Instructions to follow → Copy exactly the lines of the data below, beginning with the line with "All My Firsts Natural Wood Keepsake Box" and ending with the line with "Floral Table Runner,Vintage". Pictures are to be omitted.

Data for this task →
------------
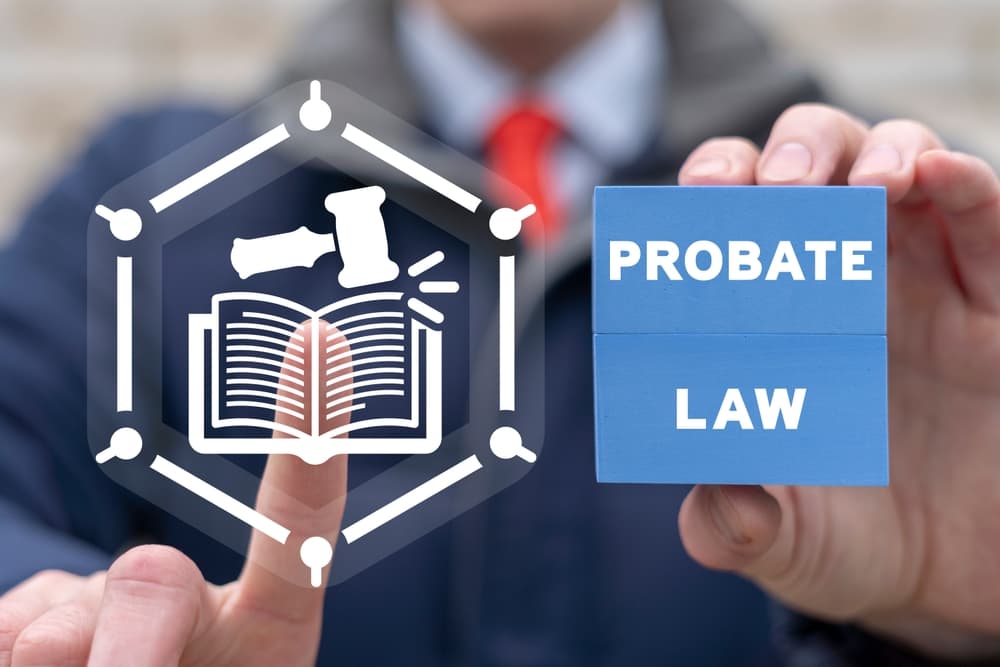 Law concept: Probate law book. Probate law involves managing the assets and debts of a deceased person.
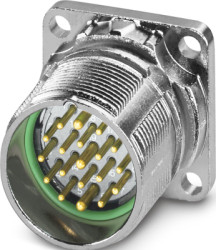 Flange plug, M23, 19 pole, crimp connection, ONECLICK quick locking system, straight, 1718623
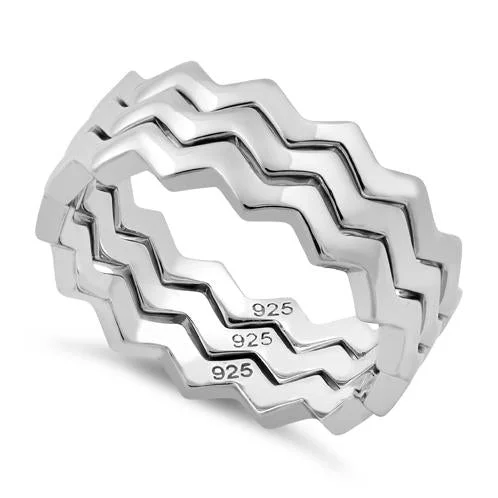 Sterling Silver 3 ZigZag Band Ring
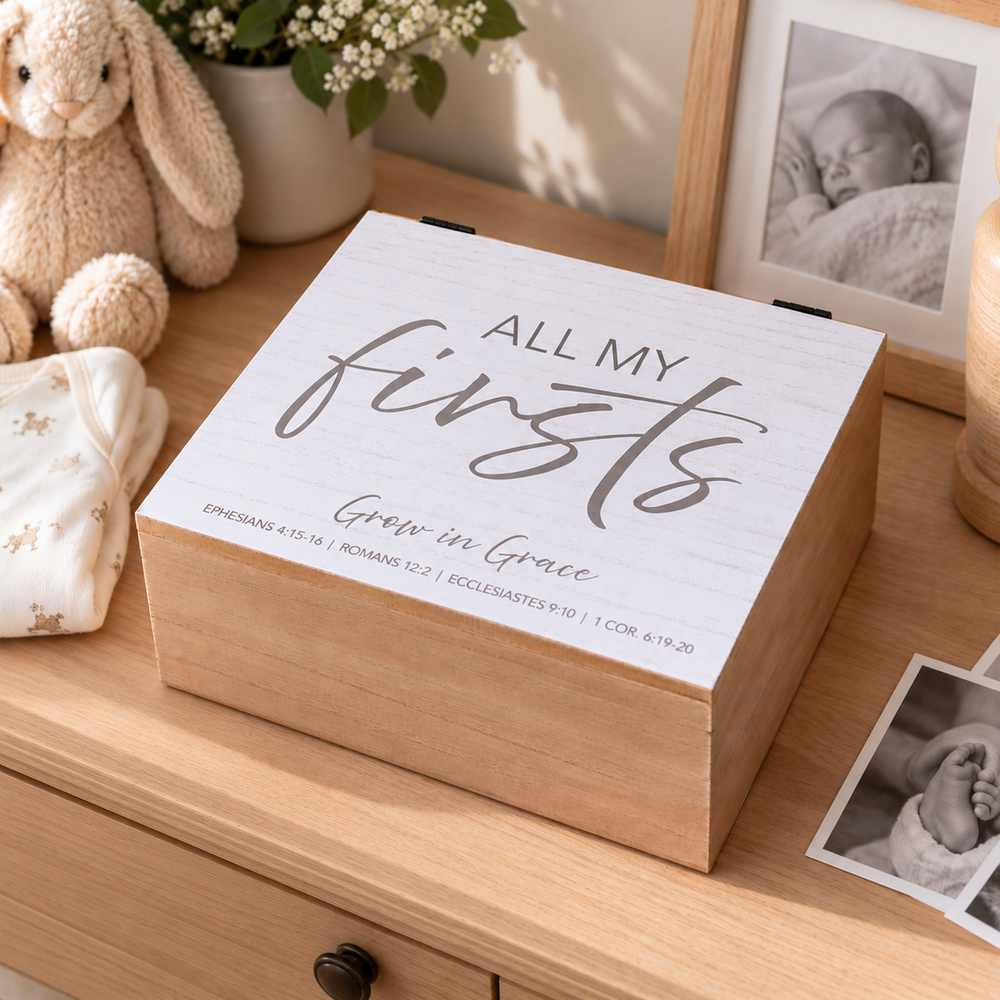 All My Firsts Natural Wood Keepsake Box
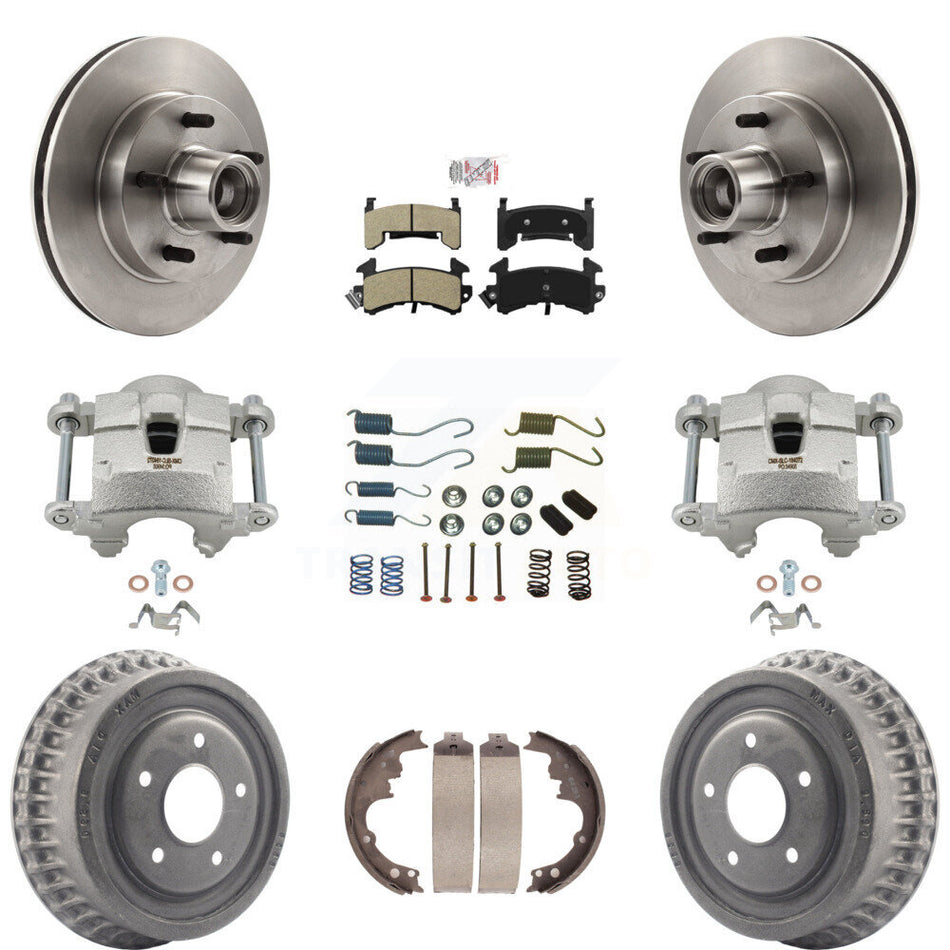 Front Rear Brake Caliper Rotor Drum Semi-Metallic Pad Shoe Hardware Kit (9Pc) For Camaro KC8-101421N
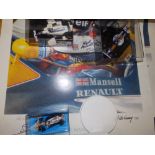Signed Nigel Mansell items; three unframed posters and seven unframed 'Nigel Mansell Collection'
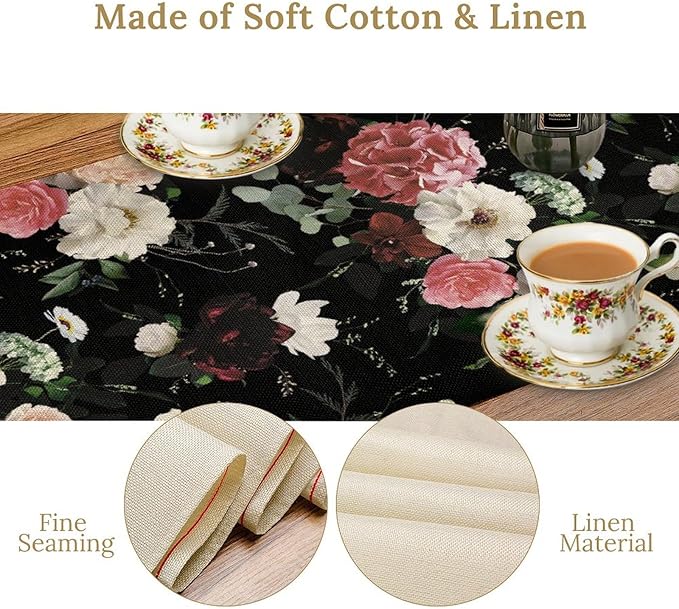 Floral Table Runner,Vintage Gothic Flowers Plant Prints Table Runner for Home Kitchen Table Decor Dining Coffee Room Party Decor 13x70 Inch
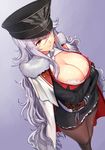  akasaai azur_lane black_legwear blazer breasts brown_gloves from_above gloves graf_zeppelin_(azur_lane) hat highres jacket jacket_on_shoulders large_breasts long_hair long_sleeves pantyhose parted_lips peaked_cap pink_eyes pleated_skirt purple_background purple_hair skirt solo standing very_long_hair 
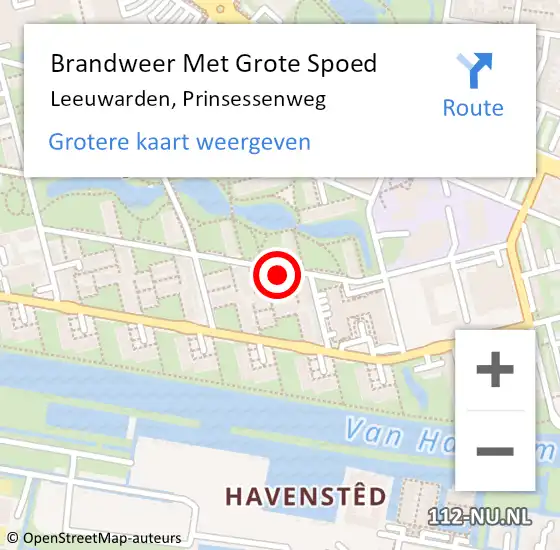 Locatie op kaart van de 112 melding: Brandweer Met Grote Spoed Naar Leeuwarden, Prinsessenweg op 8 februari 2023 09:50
------------
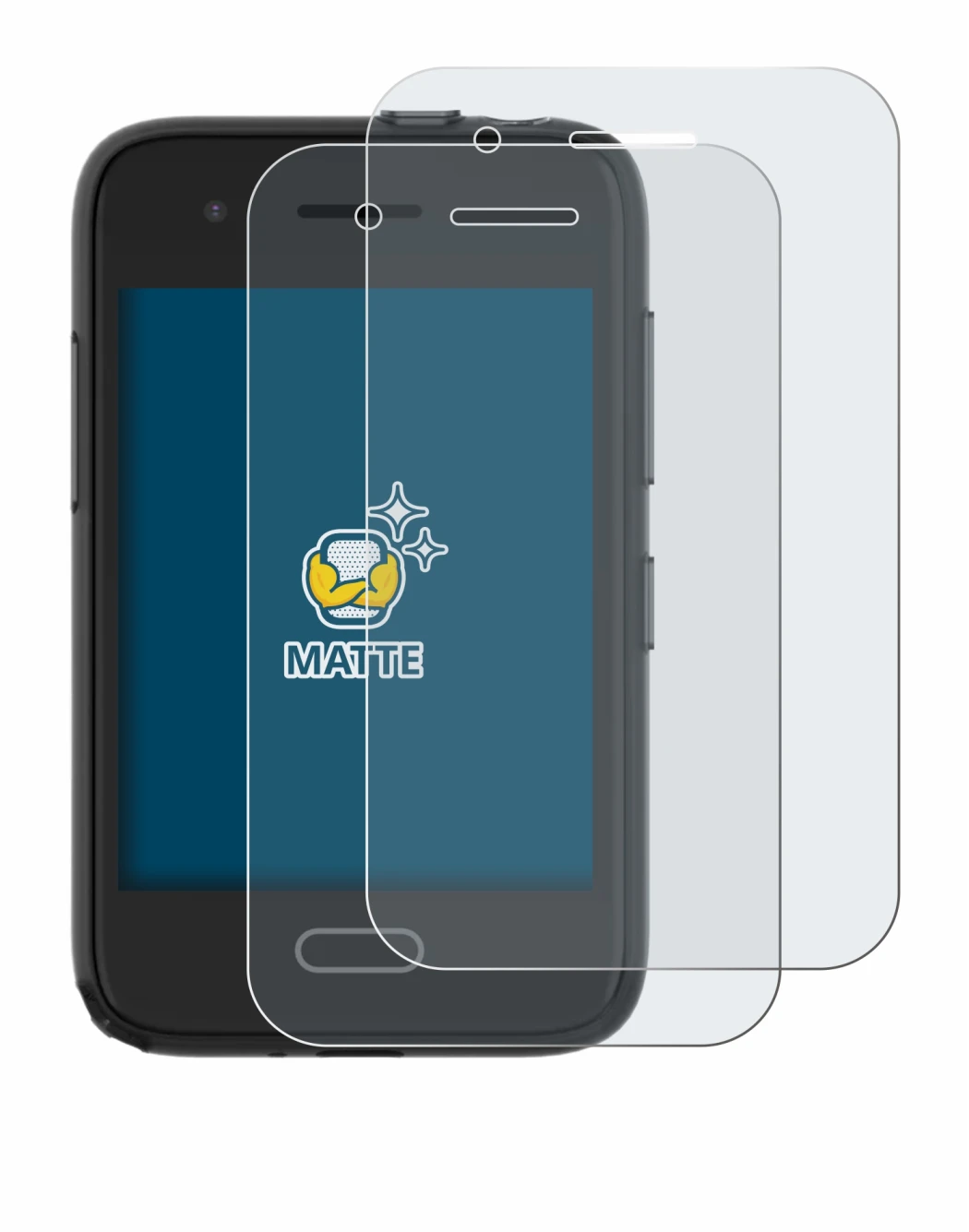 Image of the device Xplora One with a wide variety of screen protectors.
------------
Answer to the exercise →
 All My Firsts Natural Wood Keepsake Box
 Front Rear Brake Caliper Rotor Drum Semi-Metallic Pad Shoe Hardware Kit (9Pc) For Camaro KC8-101421N
Signed Nigel Mansell items; three unframed posters and seven unframed 'Nigel Mansell Collection'
 Floral Table Runner,Vintage Gothic Flowers Plant Prints Table Runner for Home Kitchen Table Decor Dining Coffee Room Party Decor 13x70 Inch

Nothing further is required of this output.